» **Assigned task**
Print out the complete set of records below, exactly as they read.

» **Data shown**
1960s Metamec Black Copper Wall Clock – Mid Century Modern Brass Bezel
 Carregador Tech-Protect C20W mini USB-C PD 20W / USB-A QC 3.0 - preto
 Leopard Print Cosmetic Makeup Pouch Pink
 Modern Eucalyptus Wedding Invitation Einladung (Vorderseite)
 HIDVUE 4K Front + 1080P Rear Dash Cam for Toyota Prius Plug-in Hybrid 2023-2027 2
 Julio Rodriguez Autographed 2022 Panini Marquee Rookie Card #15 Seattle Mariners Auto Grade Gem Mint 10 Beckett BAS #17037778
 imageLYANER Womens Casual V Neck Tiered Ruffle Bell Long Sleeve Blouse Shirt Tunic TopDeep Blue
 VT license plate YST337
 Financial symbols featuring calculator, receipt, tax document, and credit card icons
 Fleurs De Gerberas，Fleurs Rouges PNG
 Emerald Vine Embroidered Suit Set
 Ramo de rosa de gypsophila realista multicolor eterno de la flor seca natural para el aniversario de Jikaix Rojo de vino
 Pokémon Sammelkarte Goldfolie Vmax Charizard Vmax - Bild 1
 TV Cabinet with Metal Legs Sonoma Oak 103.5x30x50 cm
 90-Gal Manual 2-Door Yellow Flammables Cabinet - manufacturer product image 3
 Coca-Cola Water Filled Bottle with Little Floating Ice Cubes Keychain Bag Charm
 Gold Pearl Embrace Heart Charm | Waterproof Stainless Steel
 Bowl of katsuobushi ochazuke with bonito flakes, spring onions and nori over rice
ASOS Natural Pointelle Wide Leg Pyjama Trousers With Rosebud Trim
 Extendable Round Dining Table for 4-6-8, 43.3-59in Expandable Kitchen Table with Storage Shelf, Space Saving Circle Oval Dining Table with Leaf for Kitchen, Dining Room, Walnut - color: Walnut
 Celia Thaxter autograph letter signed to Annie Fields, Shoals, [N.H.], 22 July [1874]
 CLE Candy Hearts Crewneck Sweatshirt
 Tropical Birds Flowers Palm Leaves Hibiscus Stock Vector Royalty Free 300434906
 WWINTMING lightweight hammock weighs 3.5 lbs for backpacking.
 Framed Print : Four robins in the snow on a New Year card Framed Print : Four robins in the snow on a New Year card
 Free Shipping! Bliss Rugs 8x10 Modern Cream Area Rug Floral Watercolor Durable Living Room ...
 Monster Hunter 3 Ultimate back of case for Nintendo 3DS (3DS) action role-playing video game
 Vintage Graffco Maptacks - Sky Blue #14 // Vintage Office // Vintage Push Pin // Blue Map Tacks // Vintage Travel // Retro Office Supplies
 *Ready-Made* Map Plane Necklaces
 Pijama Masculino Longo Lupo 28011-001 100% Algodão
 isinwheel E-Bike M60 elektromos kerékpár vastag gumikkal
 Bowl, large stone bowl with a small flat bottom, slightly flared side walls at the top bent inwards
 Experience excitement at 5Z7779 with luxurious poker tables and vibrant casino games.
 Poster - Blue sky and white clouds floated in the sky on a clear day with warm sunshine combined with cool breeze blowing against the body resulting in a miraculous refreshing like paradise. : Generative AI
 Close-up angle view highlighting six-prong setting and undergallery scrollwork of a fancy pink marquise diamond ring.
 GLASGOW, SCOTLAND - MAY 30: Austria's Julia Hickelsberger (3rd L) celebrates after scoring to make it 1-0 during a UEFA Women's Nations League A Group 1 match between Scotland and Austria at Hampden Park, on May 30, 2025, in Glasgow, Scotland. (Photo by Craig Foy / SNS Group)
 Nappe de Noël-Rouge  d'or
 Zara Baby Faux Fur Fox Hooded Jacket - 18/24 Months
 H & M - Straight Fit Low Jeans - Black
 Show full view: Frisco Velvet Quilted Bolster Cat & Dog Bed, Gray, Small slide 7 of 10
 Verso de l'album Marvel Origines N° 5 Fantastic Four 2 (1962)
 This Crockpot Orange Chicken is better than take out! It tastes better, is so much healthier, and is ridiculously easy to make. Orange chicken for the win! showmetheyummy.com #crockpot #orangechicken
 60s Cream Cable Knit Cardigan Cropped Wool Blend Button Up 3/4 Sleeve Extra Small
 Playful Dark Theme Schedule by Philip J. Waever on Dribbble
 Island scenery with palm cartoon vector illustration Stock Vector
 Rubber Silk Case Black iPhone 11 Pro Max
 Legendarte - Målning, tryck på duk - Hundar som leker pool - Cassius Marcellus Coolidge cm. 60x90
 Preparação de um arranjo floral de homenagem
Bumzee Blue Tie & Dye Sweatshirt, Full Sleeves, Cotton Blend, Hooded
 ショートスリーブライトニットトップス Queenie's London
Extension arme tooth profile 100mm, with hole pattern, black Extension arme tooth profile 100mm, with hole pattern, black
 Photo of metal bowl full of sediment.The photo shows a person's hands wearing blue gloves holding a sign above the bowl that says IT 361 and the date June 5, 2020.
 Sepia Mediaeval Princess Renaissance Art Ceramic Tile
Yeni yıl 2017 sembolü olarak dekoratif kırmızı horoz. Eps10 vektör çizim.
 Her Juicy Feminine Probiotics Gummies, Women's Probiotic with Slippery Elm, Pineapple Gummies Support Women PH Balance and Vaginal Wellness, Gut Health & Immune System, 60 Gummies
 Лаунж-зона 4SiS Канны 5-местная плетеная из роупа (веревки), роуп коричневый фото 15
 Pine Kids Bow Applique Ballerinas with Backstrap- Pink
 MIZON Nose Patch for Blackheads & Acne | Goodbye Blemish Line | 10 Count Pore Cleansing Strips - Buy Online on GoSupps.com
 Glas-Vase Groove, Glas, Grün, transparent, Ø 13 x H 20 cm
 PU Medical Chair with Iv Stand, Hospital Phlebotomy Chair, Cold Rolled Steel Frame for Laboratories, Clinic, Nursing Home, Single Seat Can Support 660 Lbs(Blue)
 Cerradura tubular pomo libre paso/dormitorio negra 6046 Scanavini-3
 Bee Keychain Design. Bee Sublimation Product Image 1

» **Solution**
1960s Metamec Black Copper Wall Clock – Mid Century Modern Brass Bezel
 Carregador Tech-Protect C20W mini USB-C PD 20W / USB-A QC 3.0 - preto
 Leopard Print Cosmetic Makeup Pouch Pink
 Modern Eucalyptus Wedding Invitation Einladung (Vorderseite)
 HIDVUE 4K Front + 1080P Rear Dash Cam for Toyota Prius Plug-in Hybrid 2023-2027 2
 Julio Rodriguez Autographed 2022 Panini Marquee Rookie Card #15 Seattle Mariners Auto Grade Gem Mint 10 Beckett BAS #17037778
 imageLYANER Womens Casual V Neck Tiered Ruffle Bell Long Sleeve Blouse Shirt Tunic TopDeep Blue
 VT license plate YST337
 Financial symbols featuring calculator, receipt, tax document, and credit card icons
 Fleurs De Gerberas，Fleurs Rouges PNG
 Emerald Vine Embroidered Suit Set
 Ramo de rosa de gypsophila realista multicolor eterno de la flor seca natural para el aniversario de Jikaix Rojo de vino
 Pokémon Sammelkarte Goldfolie Vmax Charizard Vmax - Bild 1
 TV Cabinet with Metal Legs Sonoma Oak 103.5x30x50 cm
 90-Gal Manual 2-Door Yellow Flammables Cabinet - manufacturer product image 3
 Coca-Cola Water Filled Bottle with Little Floating Ice Cubes Keychain Bag Charm
 Gold Pearl Embrace Heart Charm | Waterproof Stainless Steel
 Bowl of katsuobushi ochazuke with bonito flakes, spring onions and nori over rice
ASOS Natural Pointelle Wide Leg Pyjama Trousers With Rosebud Trim
 Extendable Round Dining Table for 4-6-8, 43.3-59in Expandable Kitchen Table with Storage Shelf, Space Saving Circle Oval Dining Table with Leaf for Kitchen, Dining Room, Walnut - color: Walnut
 Celia Thaxter autograph letter signed to Annie Fields, Shoals, [N.H.], 22 July [1874]
 CLE Candy Hearts Crewneck Sweatshirt
 Tropical Birds Flowers Palm Leaves Hibiscus Stock Vector Royalty Free 300434906
 WWINTMING lightweight hammock weighs 3.5 lbs for backpacking.
 Framed Print : Four robins in the snow on a New Year card Framed Print : Four robins in the snow on a New Year card
 Free Shipping! Bliss Rugs 8x10 Modern Cream Area Rug Floral Watercolor Durable Living Room ...
 Monster Hunter 3 Ultimate back of case for Nintendo 3DS (3DS) action role-playing video game
 Vintage Graffco Maptacks - Sky Blue #14 // Vintage Office // Vintage Push Pin // Blue Map Tacks // Vintage Travel // Retro Office Supplies
 *Ready-Made* Map Plane Necklaces
 Pijama Masculino Longo Lupo 28011-001 100% Algodão
 isinwheel E-Bike M60 elektromos kerékpár vastag gumikkal
 Bowl, large stone bowl with a small flat bottom, slightly flared side walls at the top bent inwards
 Experience excitement at 5Z7779 with luxurious poker tables and vibrant casino games.
 Poster - Blue sky and white clouds floated in the sky on a clear day with warm sunshine combined with cool breeze blowing against the body resulting in a miraculous refreshing like paradise. : Generative AI
 Close-up angle view highlighting six-prong setting and undergallery scrollwork of a fancy pink marquise diamond ring.
 GLASGOW, SCOTLAND - MAY 30: Austria's Julia Hickelsberger (3rd L) celebrates after scoring to make it 1-0 during a UEFA Women's Nations League A Group 1 match between Scotland and Austria at Hampden Park, on May 30, 2025, in Glasgow, Scotland. (Photo by Craig Foy / SNS Group)
 Nappe de Noël-Rouge  d'or
 Zara Baby Faux Fur Fox Hooded Jacket - 18/24 Months
 H & M - Straight Fit Low Jeans - Black
 Show full view: Frisco Velvet Quilted Bolster Cat & Dog Bed, Gray, Small slide 7 of 10
 Verso de l'album Marvel Origines N° 5 Fantastic Four 2 (1962)
 This Crockpot Orange Chicken is better than take out! It tastes better, is so much healthier, and is ridiculously easy to make. Orange chicken for the win! showmetheyummy.com #crockpot #orangechicken
 60s Cream Cable Knit Cardigan Cropped Wool Blend Button Up 3/4 Sleeve Extra Small
 Playful Dark Theme Schedule by Philip J. Waever on Dribbble
 Island scenery with palm cartoon vector illustration Stock Vector
 Rubber Silk Case Black iPhone 11 Pro Max
 Legendarte - Målning, tryck på duk - Hundar som leker pool - Cassius Marcellus Coolidge cm. 60x90
 Preparação de um arranjo floral de homenagem
Bumzee Blue Tie & Dye Sweatshirt, Full Sleeves, Cotton Blend, Hooded
 ショートスリーブライトニットトップス Queenie's London
Extension arme tooth profile 100mm, with hole pattern, black Extension arme tooth profile 100mm, with hole pattern, black
 Photo of metal bowl full of sediment.The photo shows a person's hands wearing blue gloves holding a sign above the bowl that says IT 361 and the date June 5, 2020.
 Sepia Mediaeval Princess Renaissance Art Ceramic Tile
Yeni yıl 2017 sembolü olarak dekoratif kırmızı horoz. Eps10 vektör çizim.
 Her Juicy Feminine Probiotics Gummies, Women's Probiotic with Slippery Elm, Pineapple Gummies Support Women PH Balance and Vaginal Wellness, Gut Health & Immune System, 60 Gummies
 Лаунж-зона 4SiS Канны 5-местная плетеная из роупа (веревки), роуп коричневый фото 15
 Pine Kids Bow Applique Ballerinas with Backstrap- Pink
 MIZON Nose Patch for Blackheads & Acne | Goodbye Blemish Line | 10 Count Pore Cleansing Strips - Buy Online on GoSupps.com
 Glas-Vase Groove, Glas, Grün, transparent, Ø 13 x H 20 cm
 PU Medical Chair with Iv Stand, Hospital Phlebotomy Chair, Cold Rolled Steel Frame for Laboratories, Clinic, Nursing Home, Single Seat Can Support 660 Lbs(Blue)
 Cerradura tubular pomo libre paso/dormitorio negra 6046 Scanavini-3
 Bee Keychain Design. Bee Sublimation Product Image 1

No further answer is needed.